**DATA PROVIDED**:
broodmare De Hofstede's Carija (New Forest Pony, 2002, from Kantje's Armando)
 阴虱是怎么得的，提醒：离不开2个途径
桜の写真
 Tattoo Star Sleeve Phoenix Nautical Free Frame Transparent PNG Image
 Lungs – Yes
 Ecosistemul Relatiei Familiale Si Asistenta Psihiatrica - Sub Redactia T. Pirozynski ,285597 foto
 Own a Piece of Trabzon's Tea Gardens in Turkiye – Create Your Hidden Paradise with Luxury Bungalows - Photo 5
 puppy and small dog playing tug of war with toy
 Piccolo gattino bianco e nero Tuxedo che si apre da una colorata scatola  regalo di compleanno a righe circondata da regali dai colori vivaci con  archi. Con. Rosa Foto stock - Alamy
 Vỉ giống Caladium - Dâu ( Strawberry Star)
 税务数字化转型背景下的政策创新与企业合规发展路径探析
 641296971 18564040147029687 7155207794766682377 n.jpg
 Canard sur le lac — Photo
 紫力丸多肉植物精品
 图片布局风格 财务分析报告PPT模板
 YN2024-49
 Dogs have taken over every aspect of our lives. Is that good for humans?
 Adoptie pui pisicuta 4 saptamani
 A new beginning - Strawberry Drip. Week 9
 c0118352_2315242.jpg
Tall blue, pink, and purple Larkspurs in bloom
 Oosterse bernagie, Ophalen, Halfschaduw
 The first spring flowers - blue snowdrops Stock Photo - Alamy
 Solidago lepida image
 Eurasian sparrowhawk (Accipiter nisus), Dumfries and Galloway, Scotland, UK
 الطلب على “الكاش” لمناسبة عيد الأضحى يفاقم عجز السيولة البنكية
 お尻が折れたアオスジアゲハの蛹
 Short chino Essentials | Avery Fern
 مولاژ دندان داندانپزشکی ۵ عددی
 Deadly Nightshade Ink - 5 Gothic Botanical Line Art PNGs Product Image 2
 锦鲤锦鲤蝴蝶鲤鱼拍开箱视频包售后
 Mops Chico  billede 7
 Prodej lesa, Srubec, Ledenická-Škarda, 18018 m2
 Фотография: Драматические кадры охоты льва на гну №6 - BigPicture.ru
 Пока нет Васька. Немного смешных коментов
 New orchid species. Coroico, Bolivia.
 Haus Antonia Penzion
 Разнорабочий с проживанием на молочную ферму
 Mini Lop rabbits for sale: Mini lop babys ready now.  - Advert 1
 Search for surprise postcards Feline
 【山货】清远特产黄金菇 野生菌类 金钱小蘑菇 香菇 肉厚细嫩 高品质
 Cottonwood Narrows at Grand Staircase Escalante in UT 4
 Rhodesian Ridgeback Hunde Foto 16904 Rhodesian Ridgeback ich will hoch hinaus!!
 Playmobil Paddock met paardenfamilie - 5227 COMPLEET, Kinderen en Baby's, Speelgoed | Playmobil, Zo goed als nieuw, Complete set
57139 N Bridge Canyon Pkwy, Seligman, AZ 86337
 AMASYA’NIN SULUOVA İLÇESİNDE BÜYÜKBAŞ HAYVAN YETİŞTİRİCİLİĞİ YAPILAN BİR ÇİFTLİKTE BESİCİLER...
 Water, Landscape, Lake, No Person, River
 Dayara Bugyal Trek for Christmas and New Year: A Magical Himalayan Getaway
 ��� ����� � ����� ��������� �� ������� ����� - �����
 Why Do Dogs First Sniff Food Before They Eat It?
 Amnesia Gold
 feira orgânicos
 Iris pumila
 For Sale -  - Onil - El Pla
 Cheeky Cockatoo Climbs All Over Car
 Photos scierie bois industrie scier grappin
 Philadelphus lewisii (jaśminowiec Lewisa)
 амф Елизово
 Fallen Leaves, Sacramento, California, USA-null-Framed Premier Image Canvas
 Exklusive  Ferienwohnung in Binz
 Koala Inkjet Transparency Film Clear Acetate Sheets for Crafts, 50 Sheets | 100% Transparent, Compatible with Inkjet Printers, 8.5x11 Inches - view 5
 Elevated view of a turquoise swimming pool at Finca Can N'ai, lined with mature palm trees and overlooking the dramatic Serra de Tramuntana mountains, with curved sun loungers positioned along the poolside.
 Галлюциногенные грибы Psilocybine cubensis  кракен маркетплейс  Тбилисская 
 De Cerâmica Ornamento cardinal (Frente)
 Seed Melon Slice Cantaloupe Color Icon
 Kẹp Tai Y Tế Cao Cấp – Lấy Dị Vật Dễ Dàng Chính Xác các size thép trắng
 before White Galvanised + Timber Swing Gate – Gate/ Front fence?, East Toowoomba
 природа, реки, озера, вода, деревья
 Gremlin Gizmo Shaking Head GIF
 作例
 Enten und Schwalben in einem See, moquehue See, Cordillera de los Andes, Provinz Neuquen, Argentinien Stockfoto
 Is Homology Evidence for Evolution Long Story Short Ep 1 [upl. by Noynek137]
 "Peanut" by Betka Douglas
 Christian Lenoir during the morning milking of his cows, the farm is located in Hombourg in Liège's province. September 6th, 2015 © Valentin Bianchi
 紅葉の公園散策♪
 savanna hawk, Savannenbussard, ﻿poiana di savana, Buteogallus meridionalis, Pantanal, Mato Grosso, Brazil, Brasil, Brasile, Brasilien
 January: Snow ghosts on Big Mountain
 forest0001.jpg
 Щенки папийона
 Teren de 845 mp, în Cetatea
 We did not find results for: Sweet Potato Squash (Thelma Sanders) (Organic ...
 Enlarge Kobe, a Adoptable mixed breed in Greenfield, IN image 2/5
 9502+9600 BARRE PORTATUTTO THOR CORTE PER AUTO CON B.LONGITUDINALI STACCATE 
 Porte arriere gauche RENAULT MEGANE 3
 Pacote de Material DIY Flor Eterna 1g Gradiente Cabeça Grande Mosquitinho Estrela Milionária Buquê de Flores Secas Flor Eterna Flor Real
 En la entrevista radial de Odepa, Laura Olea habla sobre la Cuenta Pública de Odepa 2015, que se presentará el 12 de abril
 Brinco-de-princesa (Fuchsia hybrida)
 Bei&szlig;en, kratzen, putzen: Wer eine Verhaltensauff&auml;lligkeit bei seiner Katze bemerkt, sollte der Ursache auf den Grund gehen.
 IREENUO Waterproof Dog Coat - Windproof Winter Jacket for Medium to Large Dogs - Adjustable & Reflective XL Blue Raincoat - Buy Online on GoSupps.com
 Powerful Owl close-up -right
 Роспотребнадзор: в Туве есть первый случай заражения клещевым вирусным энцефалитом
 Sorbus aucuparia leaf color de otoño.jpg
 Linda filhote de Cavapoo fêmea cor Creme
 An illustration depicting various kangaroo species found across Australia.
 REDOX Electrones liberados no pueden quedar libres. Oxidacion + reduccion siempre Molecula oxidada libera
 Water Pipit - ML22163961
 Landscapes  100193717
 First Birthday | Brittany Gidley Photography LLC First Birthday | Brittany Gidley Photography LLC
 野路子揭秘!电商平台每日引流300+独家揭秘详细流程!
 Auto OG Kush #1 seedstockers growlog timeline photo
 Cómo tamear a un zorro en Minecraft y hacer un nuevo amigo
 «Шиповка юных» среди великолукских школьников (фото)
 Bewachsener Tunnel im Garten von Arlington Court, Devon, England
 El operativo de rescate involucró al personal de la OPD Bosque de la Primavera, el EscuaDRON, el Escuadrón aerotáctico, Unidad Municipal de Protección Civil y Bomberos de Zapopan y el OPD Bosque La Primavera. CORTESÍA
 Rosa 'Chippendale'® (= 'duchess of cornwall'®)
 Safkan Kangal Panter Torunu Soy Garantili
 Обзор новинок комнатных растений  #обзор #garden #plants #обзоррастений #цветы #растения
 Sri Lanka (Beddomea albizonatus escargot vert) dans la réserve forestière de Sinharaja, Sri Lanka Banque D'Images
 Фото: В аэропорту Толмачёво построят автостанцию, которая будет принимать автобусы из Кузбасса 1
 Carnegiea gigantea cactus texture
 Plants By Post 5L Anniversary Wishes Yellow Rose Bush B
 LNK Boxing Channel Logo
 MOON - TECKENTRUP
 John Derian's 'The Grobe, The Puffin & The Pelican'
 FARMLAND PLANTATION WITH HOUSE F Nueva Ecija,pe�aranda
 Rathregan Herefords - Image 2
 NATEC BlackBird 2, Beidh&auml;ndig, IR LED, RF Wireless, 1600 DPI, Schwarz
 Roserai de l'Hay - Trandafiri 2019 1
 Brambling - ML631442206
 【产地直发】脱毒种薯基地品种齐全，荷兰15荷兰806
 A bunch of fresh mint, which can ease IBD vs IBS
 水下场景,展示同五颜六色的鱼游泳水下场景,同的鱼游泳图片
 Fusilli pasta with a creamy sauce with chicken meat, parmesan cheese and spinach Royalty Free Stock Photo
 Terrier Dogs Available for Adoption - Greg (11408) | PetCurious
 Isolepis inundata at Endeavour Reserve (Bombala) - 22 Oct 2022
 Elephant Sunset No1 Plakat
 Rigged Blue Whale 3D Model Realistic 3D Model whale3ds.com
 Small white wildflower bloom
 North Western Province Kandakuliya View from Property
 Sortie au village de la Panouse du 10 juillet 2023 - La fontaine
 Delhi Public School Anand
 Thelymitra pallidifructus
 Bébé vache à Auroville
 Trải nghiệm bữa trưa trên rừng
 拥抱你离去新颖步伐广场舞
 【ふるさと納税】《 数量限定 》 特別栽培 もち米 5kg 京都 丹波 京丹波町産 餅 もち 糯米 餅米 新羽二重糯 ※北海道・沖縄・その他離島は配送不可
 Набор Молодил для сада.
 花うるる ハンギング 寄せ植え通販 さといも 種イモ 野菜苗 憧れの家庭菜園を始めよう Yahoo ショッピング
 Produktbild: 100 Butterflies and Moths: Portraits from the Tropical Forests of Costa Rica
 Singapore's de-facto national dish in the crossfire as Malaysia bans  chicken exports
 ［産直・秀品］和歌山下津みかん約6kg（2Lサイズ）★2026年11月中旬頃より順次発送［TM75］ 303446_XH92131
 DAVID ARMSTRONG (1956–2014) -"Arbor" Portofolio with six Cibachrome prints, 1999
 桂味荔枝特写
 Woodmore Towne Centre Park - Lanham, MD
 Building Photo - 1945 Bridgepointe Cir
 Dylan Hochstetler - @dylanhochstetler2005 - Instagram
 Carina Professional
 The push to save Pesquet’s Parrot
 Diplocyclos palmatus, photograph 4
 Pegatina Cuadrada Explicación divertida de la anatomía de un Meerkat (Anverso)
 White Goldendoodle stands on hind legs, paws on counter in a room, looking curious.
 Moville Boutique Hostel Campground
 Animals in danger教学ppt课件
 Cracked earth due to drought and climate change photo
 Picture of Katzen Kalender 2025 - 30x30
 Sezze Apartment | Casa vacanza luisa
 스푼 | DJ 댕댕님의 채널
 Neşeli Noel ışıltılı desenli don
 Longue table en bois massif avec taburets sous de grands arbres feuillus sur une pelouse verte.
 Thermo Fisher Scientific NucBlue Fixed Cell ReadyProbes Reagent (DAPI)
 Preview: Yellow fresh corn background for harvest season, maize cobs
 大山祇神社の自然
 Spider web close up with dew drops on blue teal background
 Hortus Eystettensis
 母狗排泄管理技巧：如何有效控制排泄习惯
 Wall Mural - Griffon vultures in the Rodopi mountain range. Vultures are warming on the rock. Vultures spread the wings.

**EXERCISE OBJECTIVE**:
Gather every line from the entries above where the word "close" appears, and copy them.

**OUTPUT FOR THIS TASK**:
 Powerful Owl close-up -right
 Spider web close up with dew drops on blue teal background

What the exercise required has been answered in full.